The landfill law, passed in 1990, has resulted in lawsuits against counties, and the quarry law would do the same, he said.
Already, disputes about quarries often land in court.
In 2006, the University of Montevallo and the city of Montevallo went to court to successfully stop an 80-acre limestone quarry from being built near Ebenezer Swamp.The university uses the swamp as an ecological research center.
Last year, residents in Lipscomb and southwest Birmingham filed lawsuits against a nearby quarry, alleging it was causing sinkholes, damage to houses and breathing problems. Those cases are pending.
In Lee County, three quarries have been the source of litigation or heated opposition from residents.
“It’s something you don’t want in your neighborhood if you can avoid it,” said Mary Lou Smith, who lives near a quarry in Auburn whose operator was sued after sinkholes depleted part of the creek running through Chewacla State Park.
Benny Nolen of Montgomery, who owns the quarry property near Kellyton and would lease it to a quarry operator, said he wants to put residents at ease.
Nolen said he arranged the meeting at the fire station to tell residents what to expect and let them know he cared about their community. He and experts from the quarry industry answered dozens of questions during the meeting, which lasted more than two hours.
“Under no circumstances would I be doing something that I thought would have a harmful effect on people or devalue their property,” Nolen said.
Train will carry gravel:
A Norfolk Southern rail line runs beside the property, which means the bulk of the gravel will leave by train, not truck, Nolen said. He also stressed the economic benefit he said the quarry would bring. Most of the money from a 25-cent per ton severance tax on the granite removed would go to the county.
“I’m convinced that in five years they will say this is the best thing that ever happened to this area,” Nolen said.

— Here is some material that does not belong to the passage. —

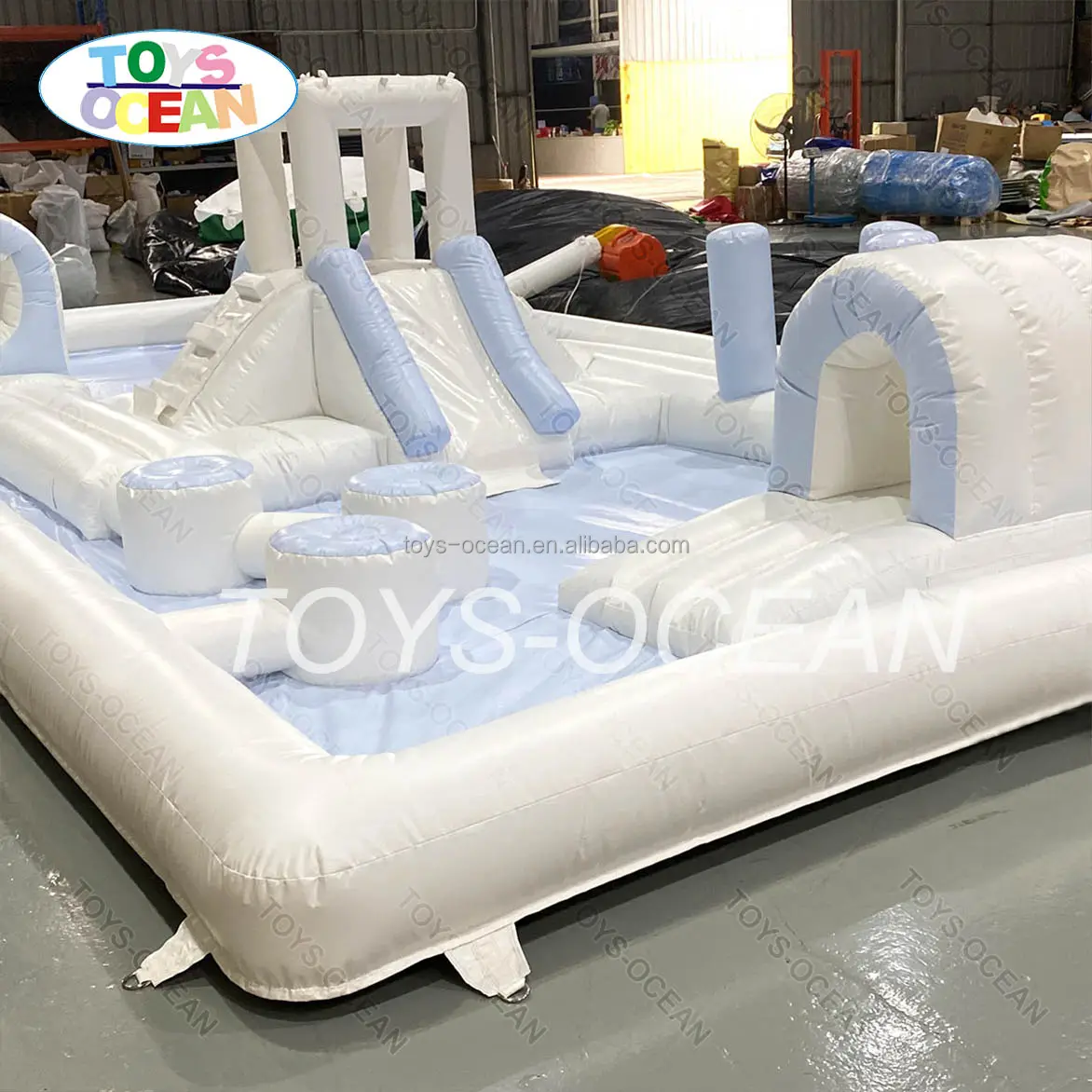 commercial PVC white water slide splash pad with water spray system inflatable bounce house combo playground soft play equipment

Kellyton resident Sasser, who also spoke at the fire station meeting, is not convinced. He and others are circulating a petition opposing the quarry.
Sasser said they also will ask the Alabama Department of Environmental Management to hold a public hearing before issuing a permit. ADEM received a permit application in November. The agency will not grant a permit until it issues a notice and accepts public comments for at least 30 days.
Sasser is afraid it will be too late by then.
“At that point, I think it’s about sealed in concrete what they’re going to do,” Sasser said.
Wendy Seesock, who took part in a failed attempt to stop a quarry near Loachapoka about six years ago, spoke at the fire station meeting and said she can empathize with the people in Kellyton.
“They have no advocate,” Seesock said. “They feel like they’re being overrun by something that is not going to improve their way of life.”